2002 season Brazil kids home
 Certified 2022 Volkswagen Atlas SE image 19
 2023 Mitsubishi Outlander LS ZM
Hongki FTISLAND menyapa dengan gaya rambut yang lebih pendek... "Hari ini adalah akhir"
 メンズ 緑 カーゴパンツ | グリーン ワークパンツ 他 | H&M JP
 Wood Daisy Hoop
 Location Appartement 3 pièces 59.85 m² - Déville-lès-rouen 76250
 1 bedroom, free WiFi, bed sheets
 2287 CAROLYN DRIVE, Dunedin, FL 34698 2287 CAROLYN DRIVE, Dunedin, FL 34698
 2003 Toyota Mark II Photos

::::::

-- Exercise description --
All of the records should be transcribed exactly, with nothing left out.

-- Task response --
2002 season Brazil kids home
 Certified 2022 Volkswagen Atlas SE image 19
 2023 Mitsubishi Outlander LS ZM
Hongki FTISLAND menyapa dengan gaya rambut yang lebih pendek... "Hari ini adalah akhir"
 メンズ 緑 カーゴパンツ | グリーン ワークパンツ 他 | H&M JP
 Wood Daisy Hoop
 Location Appartement 3 pièces 59.85 m² - Déville-lès-rouen 76250
 1 bedroom, free WiFi, bed sheets
 2287 CAROLYN DRIVE, Dunedin, FL 34698 2287 CAROLYN DRIVE, Dunedin, FL 34698
 2003 Toyota Mark II Photos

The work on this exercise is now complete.